This is from the X Server Configuration HOWTO.  Section 3: Configuring Xorg.

That may just magically work for you.

----------

## Jykke

That's exactly what I tried...

Firstly with VGA - the screen is somehow flashing all the time. (Like scanning for a picture).

It shows the first boot screen and so on from BIOS but from bootloader text and so on

it remains dark - and when I boot into text mode it remains dark - I would assume that this

has nothing to do with xorg or X. 

Couple of trials with Xorg.conf and I can get the desktop up but it is so dim that is barely visible,

colours seem pale and distorted (as far as I can even see them)

With HDMI the machine runs up with text and shows all without that irritating flashing and I even

got right colors in one trial where the desktop actually came up but the res was wrong and after

I changed something it did not come up anymore...

EDIT: this morning I tried it again and I got the desktop up with HDMI but it looks like the res would be

very low - maybe something like 640x480 or so? I think my Modeline needs tweaking - I have now only 1920x1080

standing there...During the boot the text is somewhat off screen from width...

Isn't there any "standard" one should give for HDMI for Vertical Refresh and Horizontal Sync?

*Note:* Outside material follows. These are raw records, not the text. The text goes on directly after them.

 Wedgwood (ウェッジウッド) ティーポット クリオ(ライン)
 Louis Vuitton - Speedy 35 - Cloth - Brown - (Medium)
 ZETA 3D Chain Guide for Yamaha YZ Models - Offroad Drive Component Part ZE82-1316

What is the meaning of these parameters anyway?

----------

## Jykke

I found this:

http://gentoo-wiki.com/HOWTO_Xorg_HDTV

So I don't know 

IgnoreEDID option sounds kind of dangerous and the vertrefresh and horizsync the guy has sound kind of high.

----------

## skwang

For some reason gentoo forums didn't show your "Xorg -configure" posting, which is why I suggested it to you, sorry about that...  :Embarassed: 

I am afraid it has been such a long time since I did this.  For instance I have no idea what I set for horz. and vert. freq.  In addition I am posting from work and not home, where my mythtv setup lives.  I think my LCD-TV had correct or at least nearly correct EDID information.  The IngoreEDID option the wiki is talking about makes sense if you read this wikipedia article on EDID.  When I get home I'll post some relevent portions from my /etc/X11/xorg.conf file.  In the end I think I just specified the LCD as a monitor with1366×768 resolution.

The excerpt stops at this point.